TASK OBJECTIVE:
The copy you give must match the records exactly, except that it holds no images.

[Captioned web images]

···

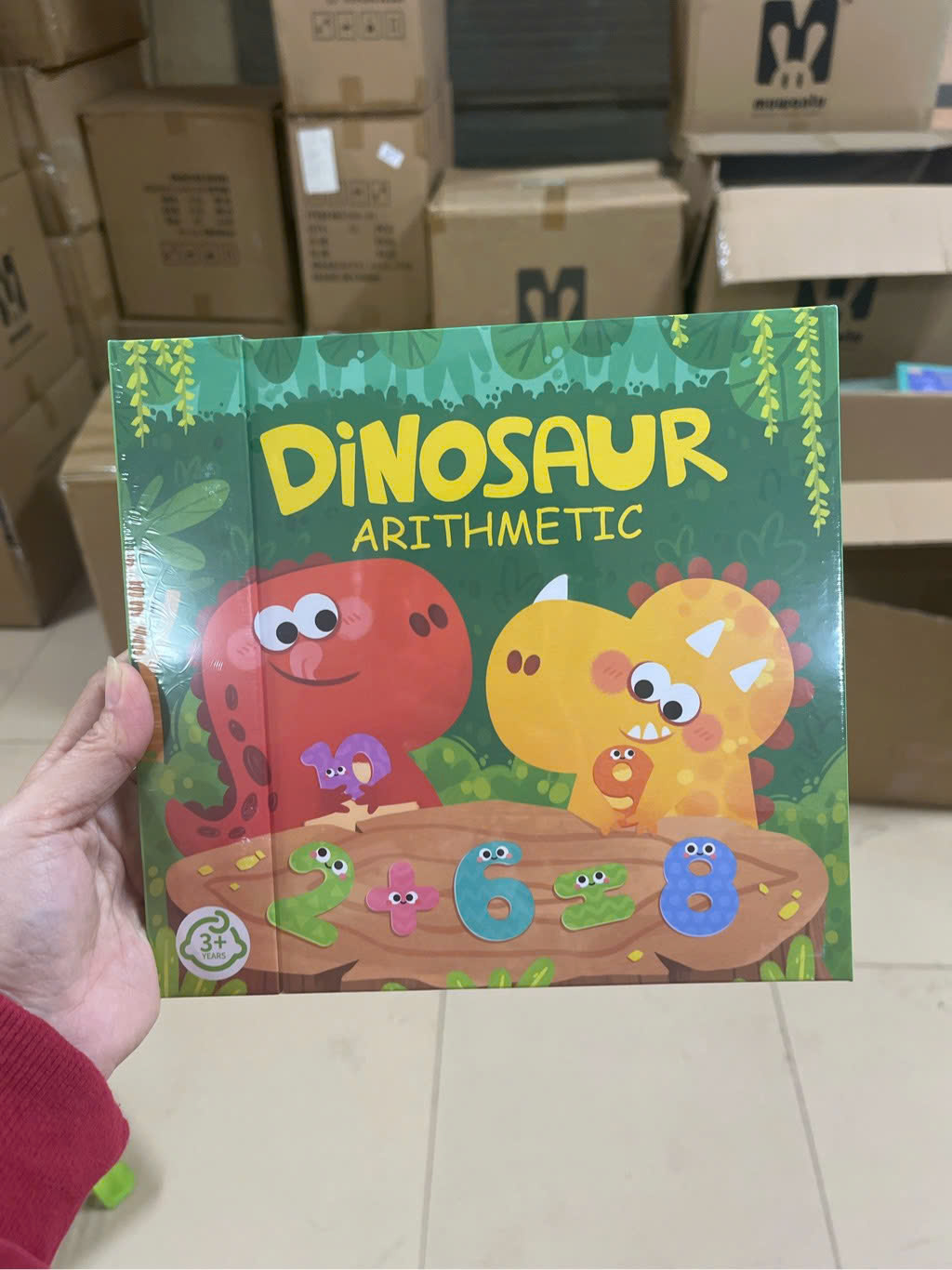 Bảng nam châm chữ cái, số đếm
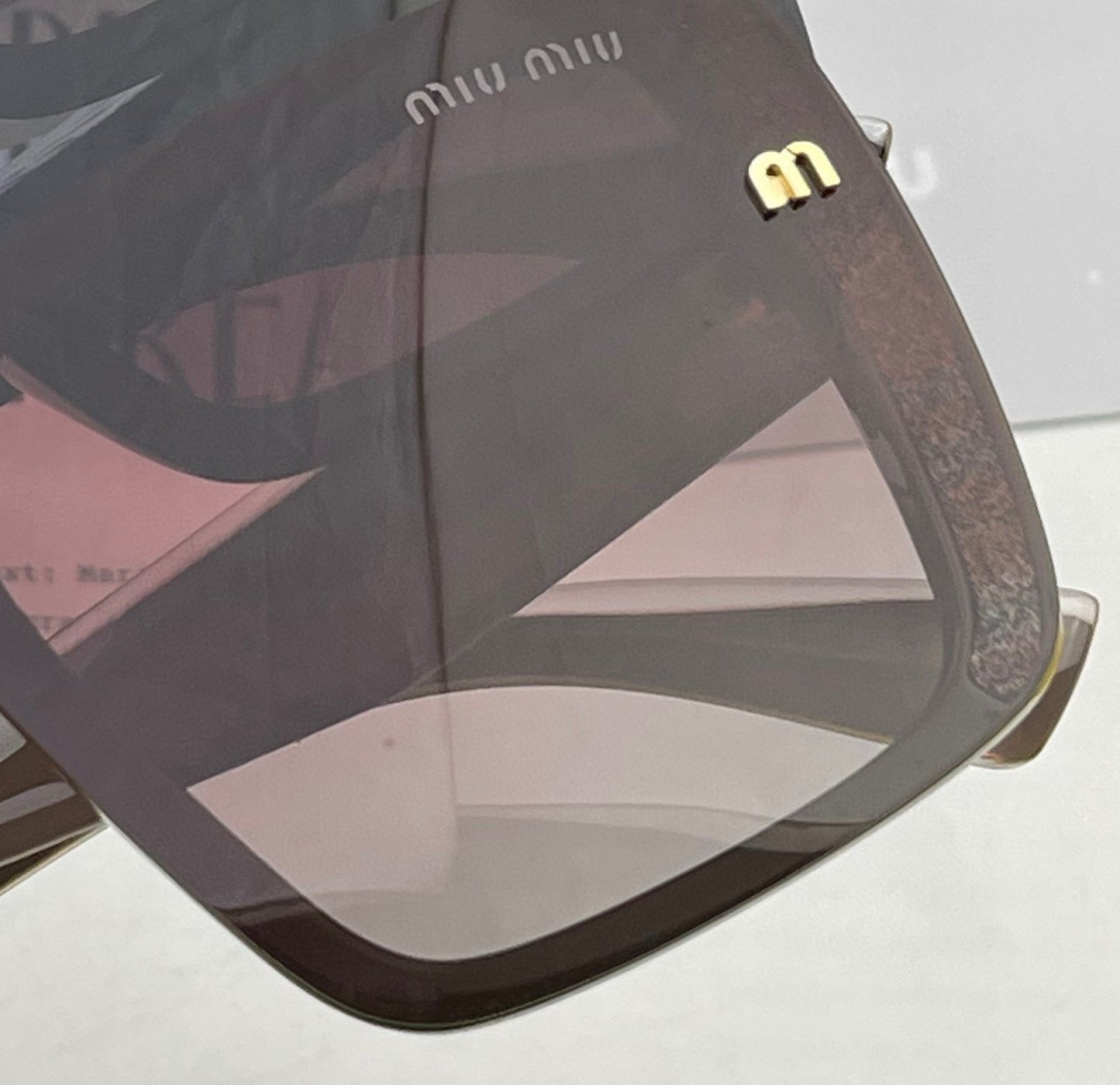 RUNWAY SQUARE SUNGLASSES M5550 IN ACETATE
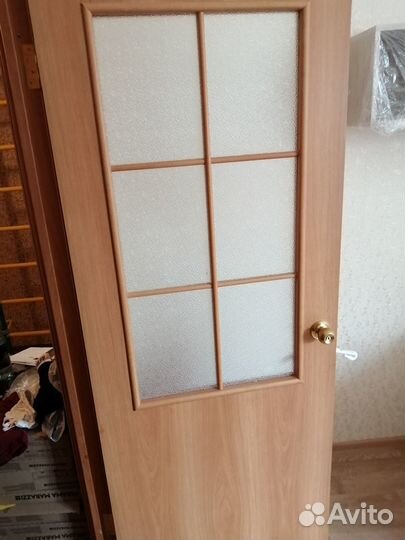 Дверь межкомнатная 800, 700, 600, 130(двойная)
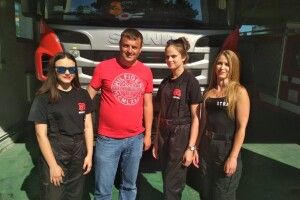 Любешівські рятувальники вчилися у Польщі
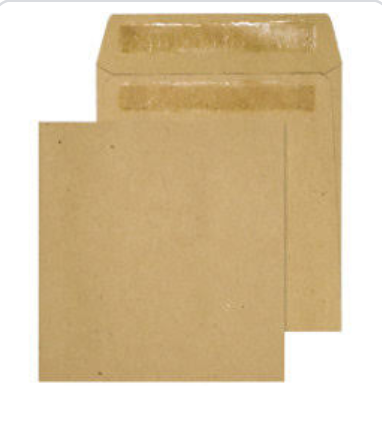 Plain Wage Envelopes
 Pack of  10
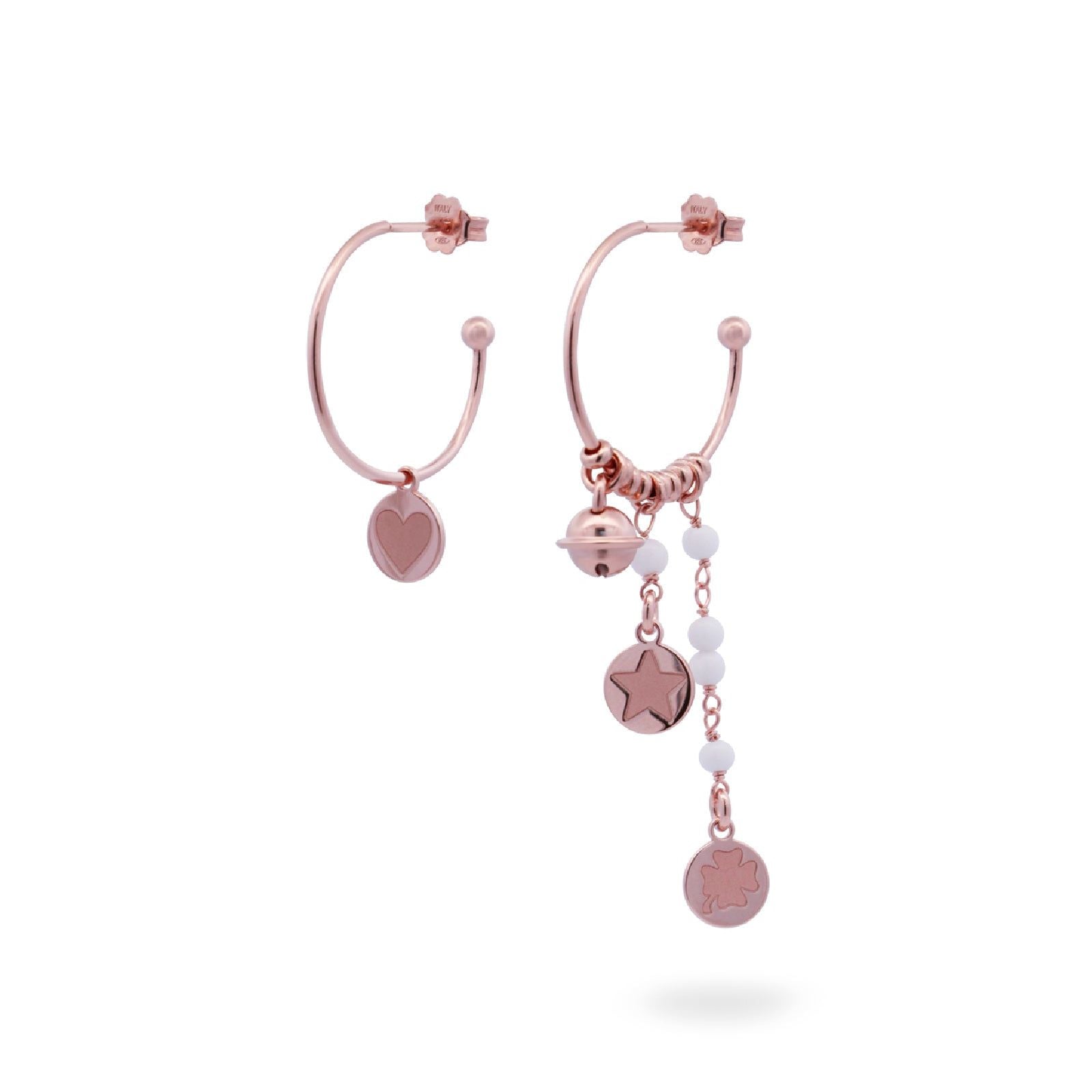 Orecchini Rue Des Mille Gipsy Chic White da donna OR-GIP-V5-1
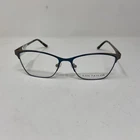 Ann Taylor AT103 C03 54-16-135 Brown Blue Flex Hinge Eyeglasses E574 New. Price: $68.00.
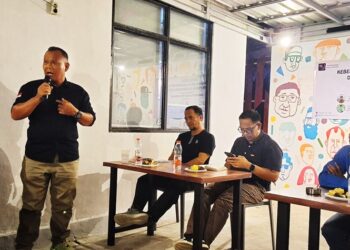 AJI Persiapan Banjarmasin Kupas Raihan IKP Kalteng Tahun 2024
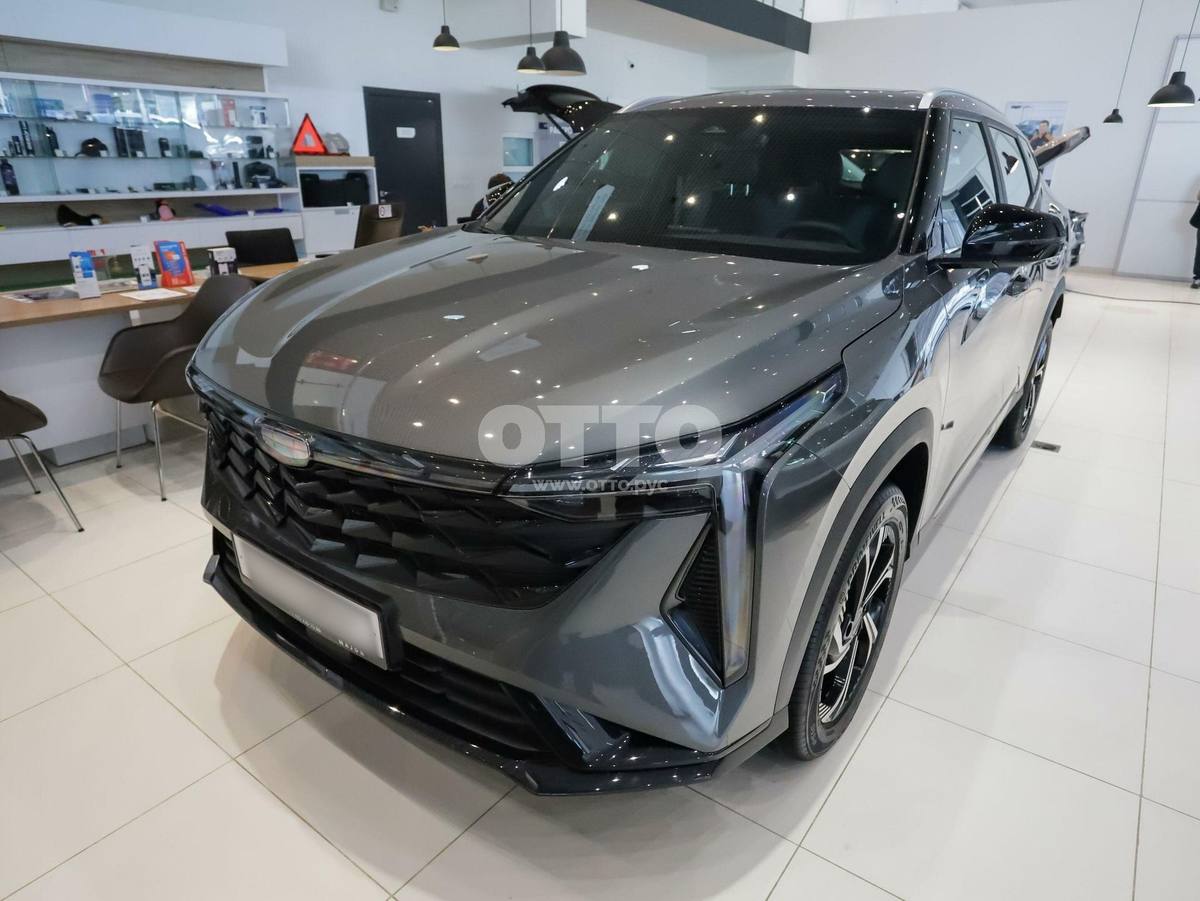 Geely Cityray 1 поколение внедорожник 5 дв. продажа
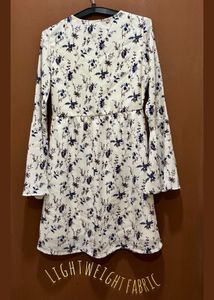 Floral Mini Dress
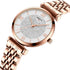NIBOSI Women's Watch Analog Quartz Rose Gold Diamond Wrist Watch for Ladies Stylish Stainless Steel Gold Dress Watch Girl Gift...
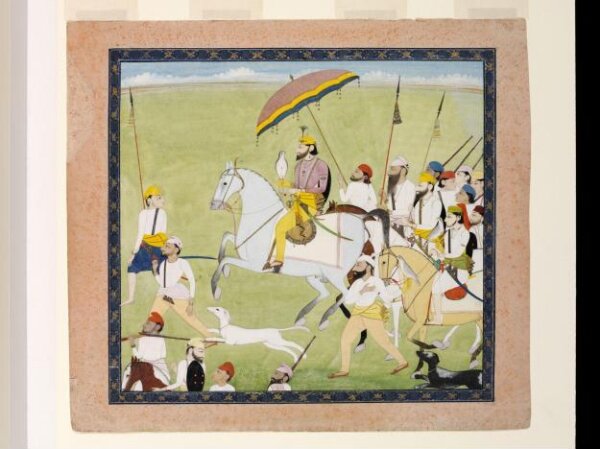 Unknown, Raja Dhian Singh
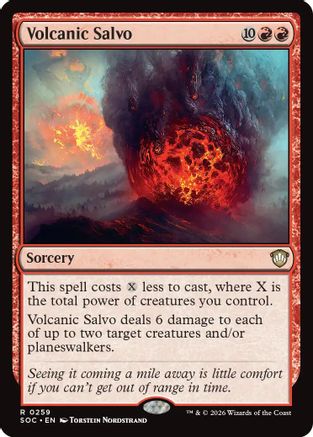Volcanic Salvo [SOC 259]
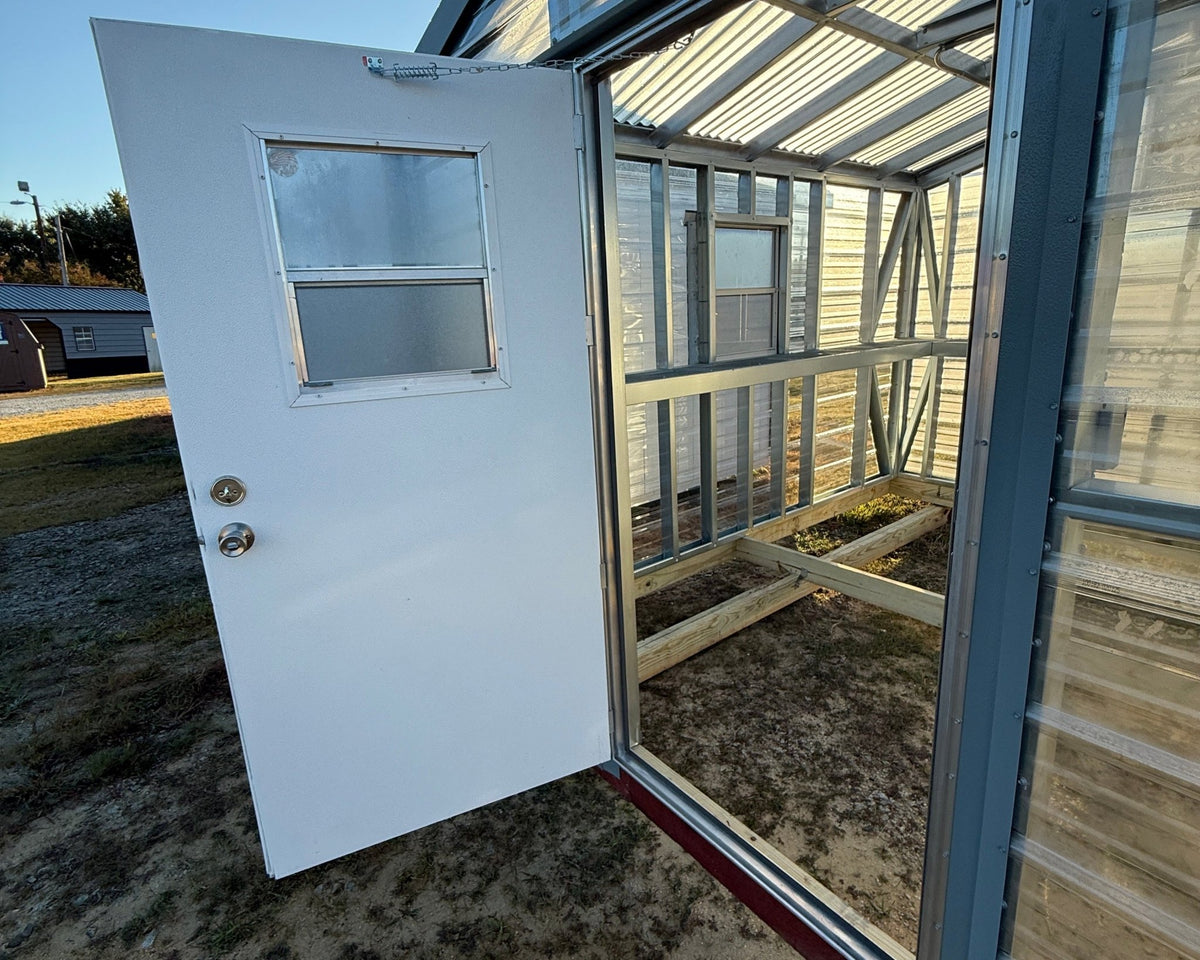 10'x12' Greenhouse (GHL - 35 - J1316) Bunce Buildings 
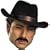 Gangster Moustache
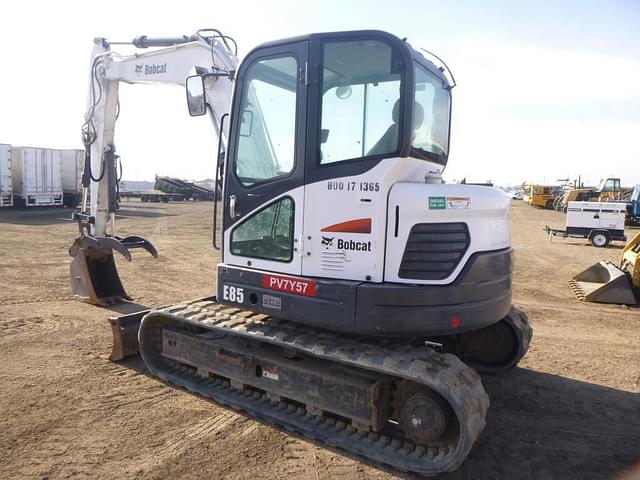 Image of Bobcat E85 equipment image 3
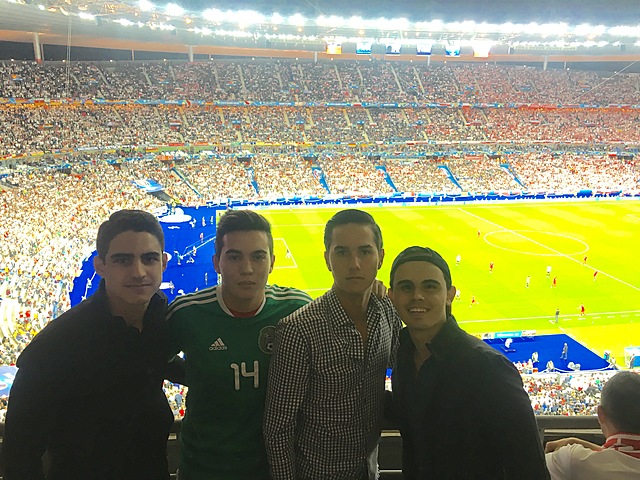 Festejo de preparatoria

···

SOLUTION:
 Bảng nam châm chữ cái, số đếm
 RUNWAY SQUARE SUNGLASSES M5550 IN ACETATE
 Дверь межкомнатная 800, 700, 600, 130(двойная)
 Любешівські рятувальники вчилися у Польщі
 Plain Wage Envelopes
 Pack of  10
 Orecchini Rue Des Mille Gipsy Chic White da donna OR-GIP-V5-1
 Ann Taylor AT103 C03 54-16-135 Brown Blue Flex Hinge Eyeglasses E574 New. Price: $68.00.
 AJI Persiapan Banjarmasin Kupas Raihan IKP Kalteng Tahun 2024
 Geely Cityray 1 поколение внедорожник 5 дв. продажа
 Floral Mini Dress
NIBOSI Women's Watch Analog Quartz Rose Gold Diamond Wrist Watch for Ladies Stylish Stainless Steel Gold Dress Watch Girl Gift...
 Unknown, Raja Dhian Singh
Volcanic Salvo [SOC 259]
 10'x12' Greenhouse (GHL - 35 - J1316) Bunce Buildings 
 Gangster Moustache
 Image of Bobcat E85 equipment image 3
 Festejo de preparatoria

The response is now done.